Miami Banks awash in cash cut interest on deposits, boost lending
Even 17 months after the Covid-19 pandemic started, banking systems are still adjusting to the changes the health crisis brought to the economy. There’s no exception at Miami banks, which have experienced an increase in cash liquidity and had to respond to the increasing demands of clients.
Congress passed four special appropriations laws for the federal government to use in relief support to people and businesses. The largest was the Coronavirus Aid, Relief, and Economic Security (CARES) Act, which provided approximately $2.08 trillion.
Apart from the government spending in relief support, lockdowns prevented people from going out and traveling, which ballooned even more the cash flow in banks. Now, more than one year later, banks are still experiencing the effects of the pandemic.
Five bank presidents and top executives from Miami-Dade and Broward agreed that all banks are in the same situation: they have cash overflow and an increase in customers and lending activities.
“We accumulated cash over the last 18 months, so we find ourselves in a very, very long possession of cash,” said Jose Cueto, president and CEO of International Finance Bank. “We have several financial services we used to kind of manage liquidity, but it remains an issue in terms of the excess of liquidity. We cut our rates in our depository products like many other banks to counter some of those effects, but we are still very liquid.”
A. Alfonso Macedo, president and CEO of Ocean Bank, said that during 2020 his institution never stopped lending so it was able to grow its portfolio. “Of course, we do have payoffs and paydowns during the year, so the net growth was close to $400 million. That was during last year. This year is looking even better. We are working and lending a lot.”
“In the first quarter of this year as covid has started to dissipate, we had one of the best loan growth quarters that we had in ages. Our loans grew 25% in an annualized growth rate in the first quarter alone, from December 2020 to March 31 of 2021,” said Rob Anderson, CFO of U.S. Century Bank.
Calixto Garcia-Velez, executive vice president and regional executive at FirstBank Florida, said the bank saw a substantial increase in small to medium-size customers. “That’s why people like banking with community banks, because when there is a time of need like when the pandemic hit, banks like ours delivered the PPP (Paycheck Protection Program).”

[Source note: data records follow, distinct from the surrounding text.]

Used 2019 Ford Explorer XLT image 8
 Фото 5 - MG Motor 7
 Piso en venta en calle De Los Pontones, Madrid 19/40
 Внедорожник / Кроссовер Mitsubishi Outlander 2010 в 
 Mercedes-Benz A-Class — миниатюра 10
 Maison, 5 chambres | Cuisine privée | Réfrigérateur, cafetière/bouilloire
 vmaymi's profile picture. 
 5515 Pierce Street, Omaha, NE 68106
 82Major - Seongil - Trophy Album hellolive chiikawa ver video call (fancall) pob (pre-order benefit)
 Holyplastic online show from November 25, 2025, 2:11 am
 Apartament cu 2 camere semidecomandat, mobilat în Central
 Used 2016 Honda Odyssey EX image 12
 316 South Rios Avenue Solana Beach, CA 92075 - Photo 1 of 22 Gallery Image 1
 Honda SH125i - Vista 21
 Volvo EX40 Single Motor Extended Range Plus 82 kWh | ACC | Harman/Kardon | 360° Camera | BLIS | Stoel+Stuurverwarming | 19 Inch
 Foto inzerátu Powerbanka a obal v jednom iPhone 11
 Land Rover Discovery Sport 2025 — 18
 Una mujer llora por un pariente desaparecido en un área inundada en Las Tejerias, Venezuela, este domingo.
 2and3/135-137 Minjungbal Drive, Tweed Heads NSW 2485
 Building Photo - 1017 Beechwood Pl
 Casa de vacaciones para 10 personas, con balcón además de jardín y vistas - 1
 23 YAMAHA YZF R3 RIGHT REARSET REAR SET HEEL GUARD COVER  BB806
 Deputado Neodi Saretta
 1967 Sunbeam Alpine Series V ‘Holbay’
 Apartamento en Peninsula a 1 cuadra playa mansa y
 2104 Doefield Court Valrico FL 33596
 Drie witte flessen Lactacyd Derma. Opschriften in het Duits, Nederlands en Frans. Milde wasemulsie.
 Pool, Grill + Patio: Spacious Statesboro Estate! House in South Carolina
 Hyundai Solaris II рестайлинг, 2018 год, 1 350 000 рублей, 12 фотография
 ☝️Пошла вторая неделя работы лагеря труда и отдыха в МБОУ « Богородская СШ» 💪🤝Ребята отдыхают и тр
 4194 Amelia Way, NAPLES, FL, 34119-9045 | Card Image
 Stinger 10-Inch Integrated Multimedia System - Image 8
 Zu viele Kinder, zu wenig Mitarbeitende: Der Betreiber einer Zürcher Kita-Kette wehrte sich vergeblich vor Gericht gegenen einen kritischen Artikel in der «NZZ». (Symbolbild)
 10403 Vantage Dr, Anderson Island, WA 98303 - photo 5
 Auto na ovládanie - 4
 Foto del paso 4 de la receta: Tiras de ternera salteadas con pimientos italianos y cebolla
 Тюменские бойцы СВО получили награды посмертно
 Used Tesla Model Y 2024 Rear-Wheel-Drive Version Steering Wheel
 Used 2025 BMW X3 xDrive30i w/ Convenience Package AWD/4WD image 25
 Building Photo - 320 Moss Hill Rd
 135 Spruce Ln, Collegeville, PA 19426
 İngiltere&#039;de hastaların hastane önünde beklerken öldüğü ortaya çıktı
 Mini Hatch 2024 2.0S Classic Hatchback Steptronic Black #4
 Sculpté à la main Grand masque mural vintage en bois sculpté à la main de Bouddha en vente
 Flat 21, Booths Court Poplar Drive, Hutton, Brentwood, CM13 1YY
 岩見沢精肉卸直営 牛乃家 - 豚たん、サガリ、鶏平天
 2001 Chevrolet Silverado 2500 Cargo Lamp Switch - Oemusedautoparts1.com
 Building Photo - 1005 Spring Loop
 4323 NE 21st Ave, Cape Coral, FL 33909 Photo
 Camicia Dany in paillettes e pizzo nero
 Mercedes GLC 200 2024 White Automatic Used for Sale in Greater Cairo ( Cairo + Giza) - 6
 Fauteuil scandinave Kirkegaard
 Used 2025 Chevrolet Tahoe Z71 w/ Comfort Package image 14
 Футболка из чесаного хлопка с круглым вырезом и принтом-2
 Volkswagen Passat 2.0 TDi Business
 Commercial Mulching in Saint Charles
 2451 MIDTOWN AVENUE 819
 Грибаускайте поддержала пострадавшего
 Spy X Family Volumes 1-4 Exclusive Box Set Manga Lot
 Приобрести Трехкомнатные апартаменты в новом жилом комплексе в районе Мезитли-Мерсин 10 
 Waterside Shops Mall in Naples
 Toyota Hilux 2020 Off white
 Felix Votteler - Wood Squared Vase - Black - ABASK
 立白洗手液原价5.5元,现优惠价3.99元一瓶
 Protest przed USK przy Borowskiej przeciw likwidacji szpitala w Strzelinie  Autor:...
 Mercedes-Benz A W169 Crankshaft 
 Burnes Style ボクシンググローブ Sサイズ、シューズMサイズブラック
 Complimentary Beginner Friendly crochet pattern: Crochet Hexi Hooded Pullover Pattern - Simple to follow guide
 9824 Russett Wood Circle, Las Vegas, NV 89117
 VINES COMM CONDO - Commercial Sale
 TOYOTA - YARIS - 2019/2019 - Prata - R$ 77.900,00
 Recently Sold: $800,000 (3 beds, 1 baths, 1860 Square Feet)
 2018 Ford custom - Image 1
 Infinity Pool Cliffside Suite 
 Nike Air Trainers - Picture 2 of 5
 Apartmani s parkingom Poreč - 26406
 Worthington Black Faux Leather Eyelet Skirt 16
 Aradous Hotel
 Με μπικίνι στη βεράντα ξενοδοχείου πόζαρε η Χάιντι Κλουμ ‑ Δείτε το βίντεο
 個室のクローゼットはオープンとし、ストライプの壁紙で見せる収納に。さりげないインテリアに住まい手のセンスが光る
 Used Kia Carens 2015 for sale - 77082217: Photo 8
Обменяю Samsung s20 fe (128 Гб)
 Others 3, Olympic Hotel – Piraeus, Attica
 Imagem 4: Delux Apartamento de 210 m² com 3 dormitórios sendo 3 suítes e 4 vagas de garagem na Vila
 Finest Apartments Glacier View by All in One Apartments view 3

The experience was no different in Broward County. Ginger Martin, president & CEO of American National Bank, said the bank was able to provide PPP loans for existing customers and then took care of friends of their clients, so the bank started making new loans for non-customers.
“If you were not a customer and we gave the PPP loan for you, we invited you to start banking with us. So, we grew in customers… We are seeing good loan demand, strong loan demand, more than last year, so that’s positive, but I still have a huge amount of money that is earning 10 to 15 basis points,” she said.
Low interest rates became an important factor for banks in terms of increasing their portfolio of clients. The Federal Reserve in June maintained its target for the federal funds rate at a range of 0% to 0.25%. The fed funds rate is the benchmark for rates such as customers’ credit cards, loans and mortgages. The only time the Fed established its rates this low was in 2008 and it maintained them there until 2015.
With such interest rates, banks are offering financing options that are convenient for clients. “Typically, a bank that needs to increase their deposits will need to increase their CD rates to attract new money. When a bank has a lot of deposits and doesn’t need to attract new money, they will typically keep their interest rates flat or may lower them,” explained Mr. Garcia-Velez of FirstBank Florida.
Mr. Cueto, the CEO of the International Finance Bank, agreed that rates at record lows have increased competitiveness among banks. “The Feds cut rates so typically the banks will follow. So, on the depository side of the equation, we cut our rates in line with the markets and on the lending side it’s a very competitive market. We can tell you that we have seen a compression on rates on the lending side of the business.”
Ocean Bank clients are taking advantage of fixed low rates, but at the same time the bank is protecting itself from the upcoming inflation by offering short-term repricing rates, explained Mr. Macedo.
“What the pandemic has shown is that everybody has a place in this market and people need to diversify. A lot of people that left the other banks with big money came back because they have a community bank that helped them with the PPP and could help them with the help they needed at that moment,” Mr. Macedo concluded.
In times of uncertainty, community banks were able to meet the demands of their customers. “We’ve been able to capitalize on what’s an unfortunate incident like covid by the larger banks not being able to really meet the demands,” Mr. Anderson said.